From the listing below, output the lines between the one with "Photo n°153 de CHEZ HAKI à Paris ()" and the one with "Wiener Neudorf Apartamento", including those two, and nothing else. Pictures are not copied.
____
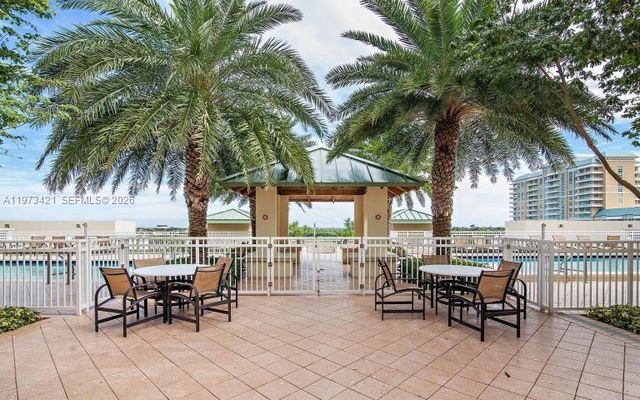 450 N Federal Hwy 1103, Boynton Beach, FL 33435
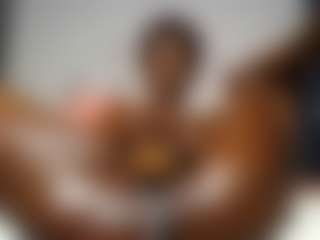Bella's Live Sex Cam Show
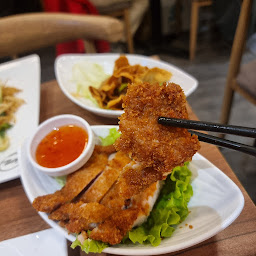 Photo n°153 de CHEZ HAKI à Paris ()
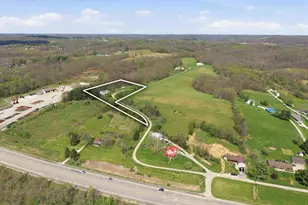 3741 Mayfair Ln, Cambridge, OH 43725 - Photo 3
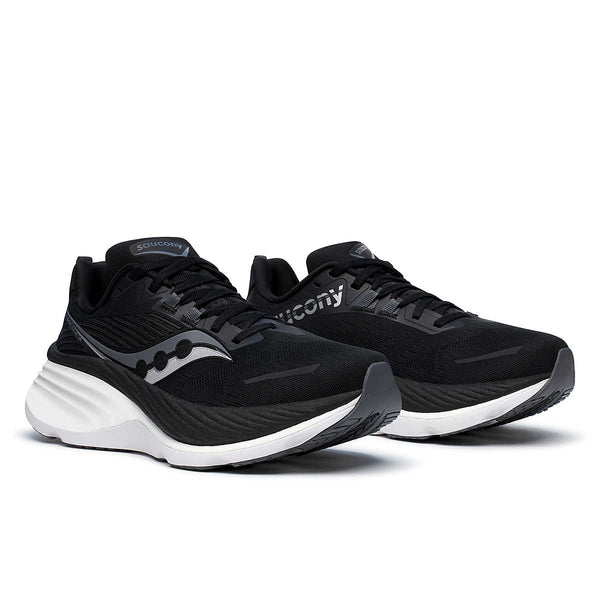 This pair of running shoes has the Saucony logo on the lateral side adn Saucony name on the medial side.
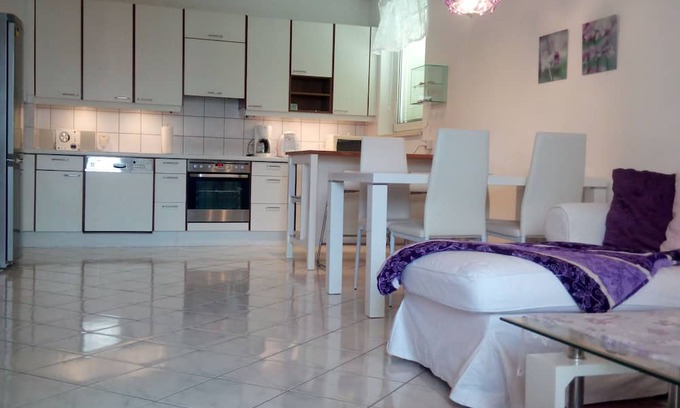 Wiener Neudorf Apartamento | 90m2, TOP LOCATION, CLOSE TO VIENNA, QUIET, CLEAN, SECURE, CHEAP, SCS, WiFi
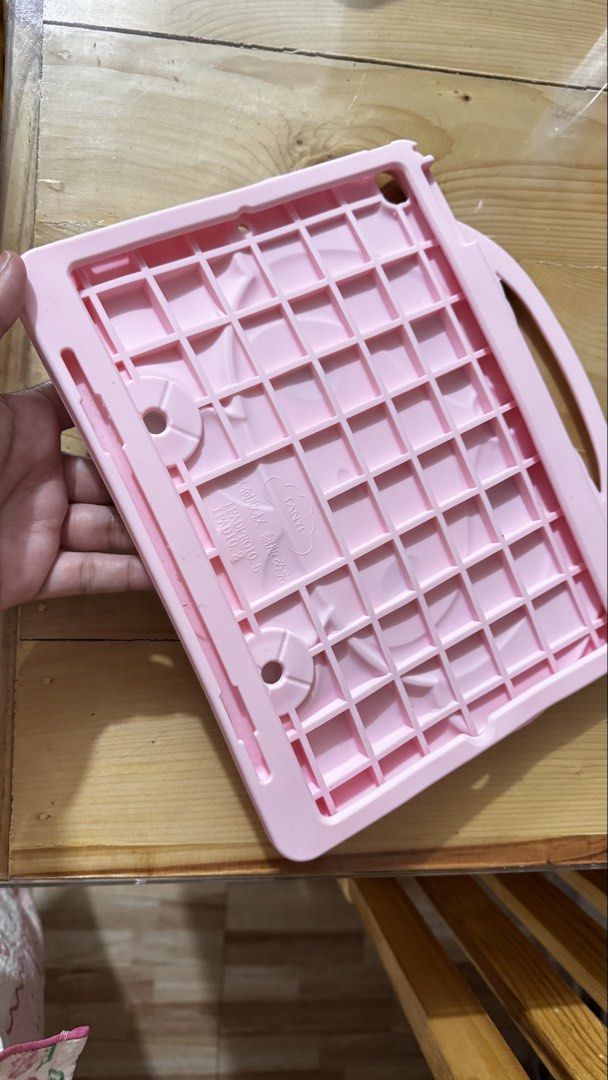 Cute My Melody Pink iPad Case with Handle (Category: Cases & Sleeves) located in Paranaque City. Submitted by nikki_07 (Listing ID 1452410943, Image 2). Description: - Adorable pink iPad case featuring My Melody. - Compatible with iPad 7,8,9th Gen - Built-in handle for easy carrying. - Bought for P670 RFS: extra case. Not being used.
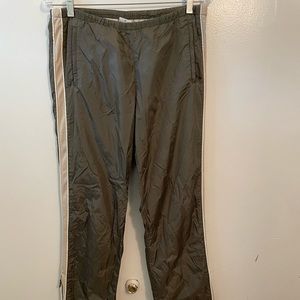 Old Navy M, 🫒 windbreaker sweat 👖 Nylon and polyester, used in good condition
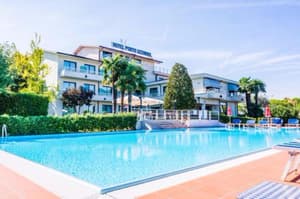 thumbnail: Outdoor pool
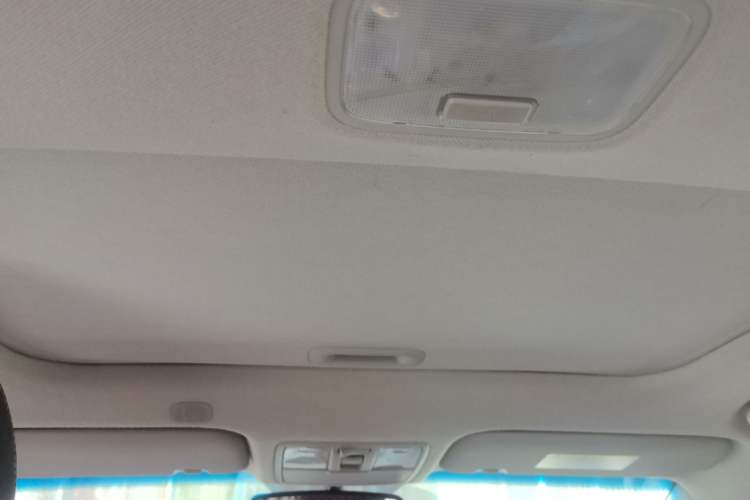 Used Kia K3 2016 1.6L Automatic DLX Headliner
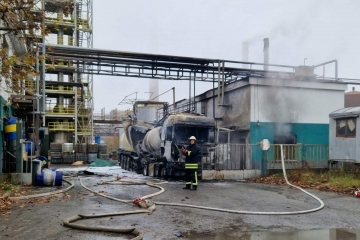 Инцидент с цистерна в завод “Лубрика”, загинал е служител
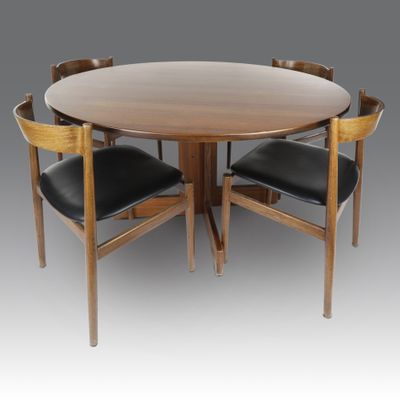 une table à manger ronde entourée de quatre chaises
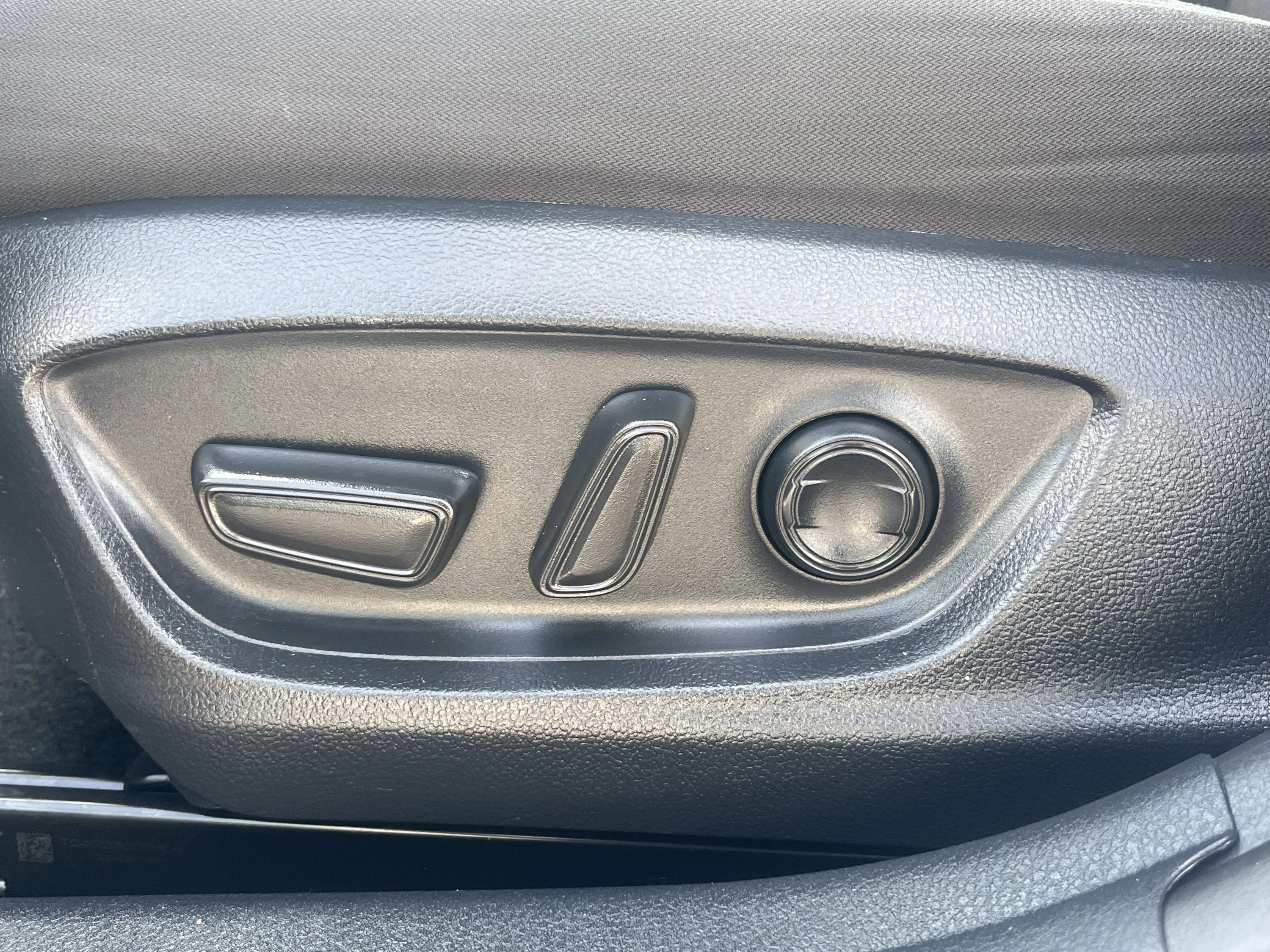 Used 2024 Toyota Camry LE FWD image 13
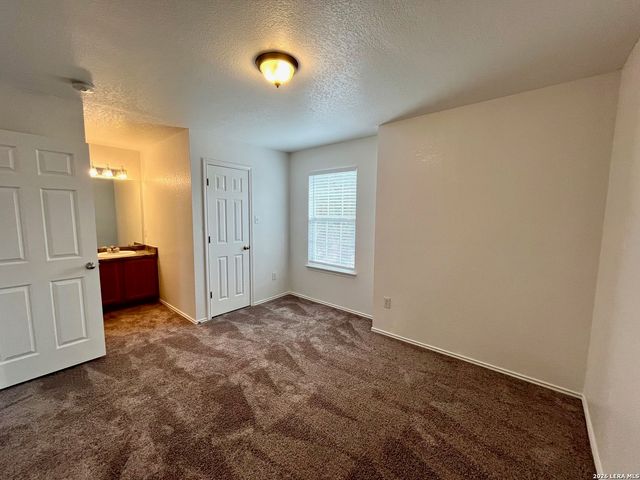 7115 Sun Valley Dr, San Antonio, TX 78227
____
▶ _Your response_
 Photo n°153 de CHEZ HAKI à Paris ()
 3741 Mayfair Ln, Cambridge, OH 43725 - Photo 3
 This pair of running shoes has the Saucony logo on the lateral side adn Saucony name on the medial side.
 Wiener Neudorf Apartamento | 90m2, TOP LOCATION, CLOSE TO VIENNA, QUIET, CLEAN, SECURE, CHEAP, SCS, WiFi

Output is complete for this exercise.